Read Nonfiction to Aid in Research

Posted on May 20, 2008

Read Nonfiction to Aid in Research

The Living Rainforest An Animal Alphabet by Paul KratterNonfiction picture books are a growing section in many school and public libraries. Intended for students of all ages, these quick-read fact books provide a fabulous resource for building background knowledge on a historical event, animal study, human disease, solar system, famous inventor, or whatever the research topic.

Specifically consider the power of A-Z books, also known as alphabet books. These books aren't just for kindergartners anymore! These 26-page fact books not only give key facts and vocabulary words on a given subject, but the visual images (graphics, photographs, diagrams, etc.) are very informative, too. Download an example.
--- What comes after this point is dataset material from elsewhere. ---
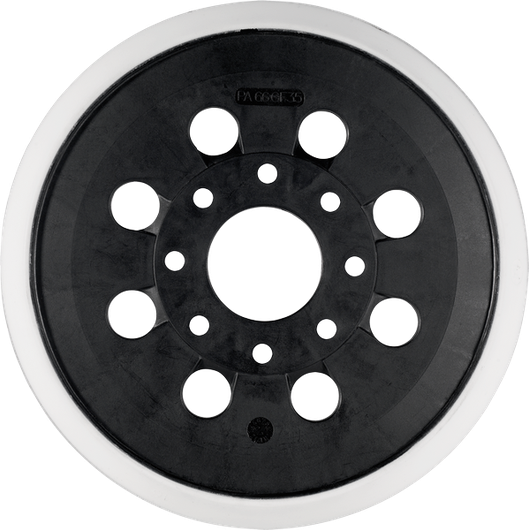 Bosch PRO Sanding Pad soft 125 mm with 8 holes.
Try a T-Chart for Note Taking

Often, nonfiction writing leads to comparing/contrasting two or more items. And with that mode of writing, most teachers assume the research should be collected within a Venn Diagram. However, while the two overlapping circles may separate information, the Venn Diagram doesn't organize it. A better choice is the T-Chart. With the common features listed in the middle, a student can collect relevant information from the content-area reading and keep it all organized within a simple table. Download a science example.

This note-taking technique also lends itself to easily revealing the two common methods of organizing compare-contrast information in writing.

Method #1: Organize by Item. Write all about Item A and then all about Item B.

Method #2: Organize by Feature. Focusing on one feature at a time, explain how it relates to Item A & B. Then focus on a second feature and how it relates to Item A & B. Continue this pattern.